_Problem requirements_: Would you please return the lines of the entries below starting at the line that has "Natürlich bezahlen wir den Schaden." and ending at the line that has "Full HD , 4", both included, exactly as they are?

_Extracted entries_:
>>>

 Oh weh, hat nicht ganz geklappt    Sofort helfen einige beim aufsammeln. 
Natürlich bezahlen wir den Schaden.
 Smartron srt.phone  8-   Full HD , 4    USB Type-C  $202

<<<
>>>

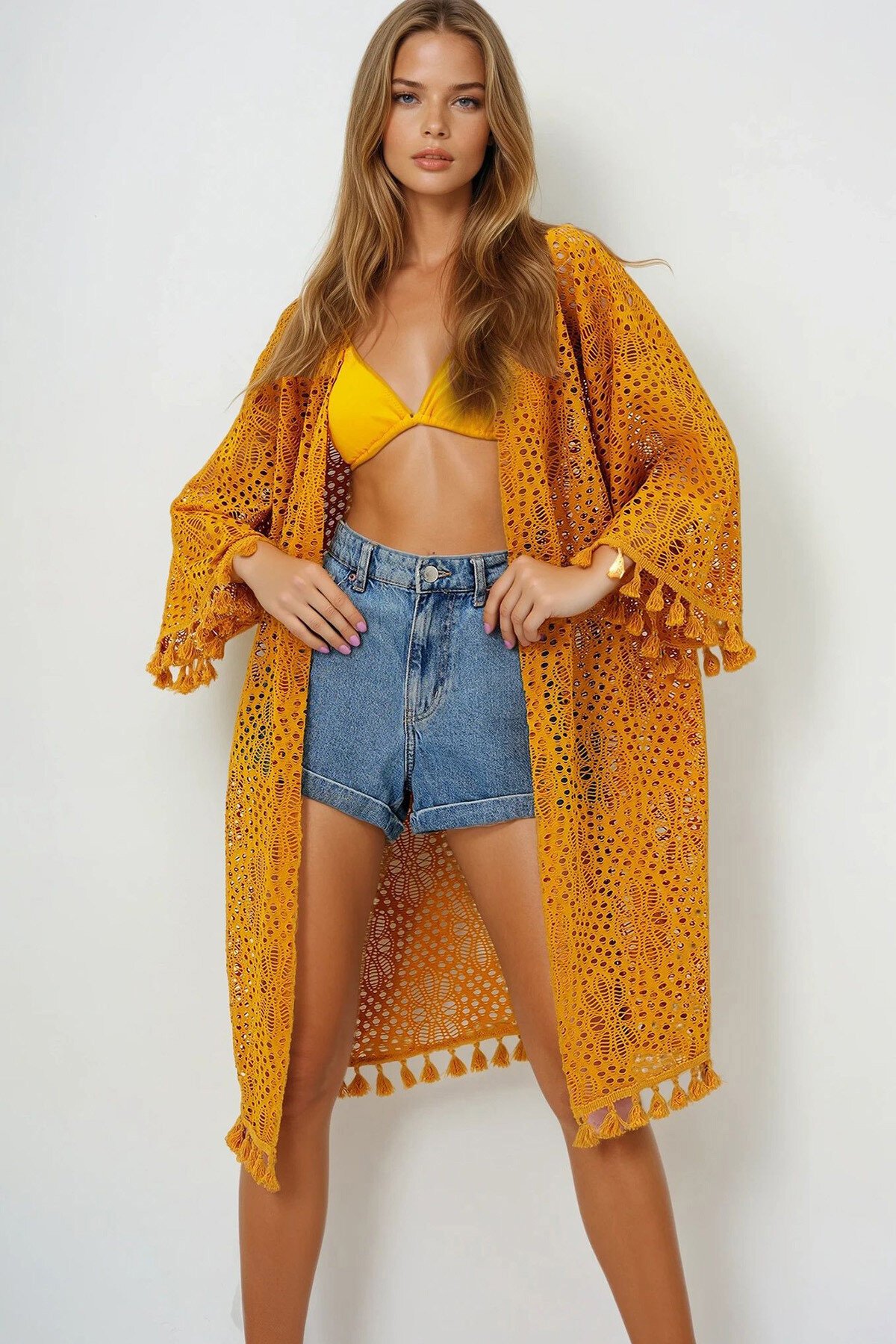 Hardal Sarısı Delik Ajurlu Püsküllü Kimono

<<<

_Answer_:
Natürlich bezahlen wir den Schaden.
 Smartron srt.phone  8-   Full HD , 4    USB Type-C  $202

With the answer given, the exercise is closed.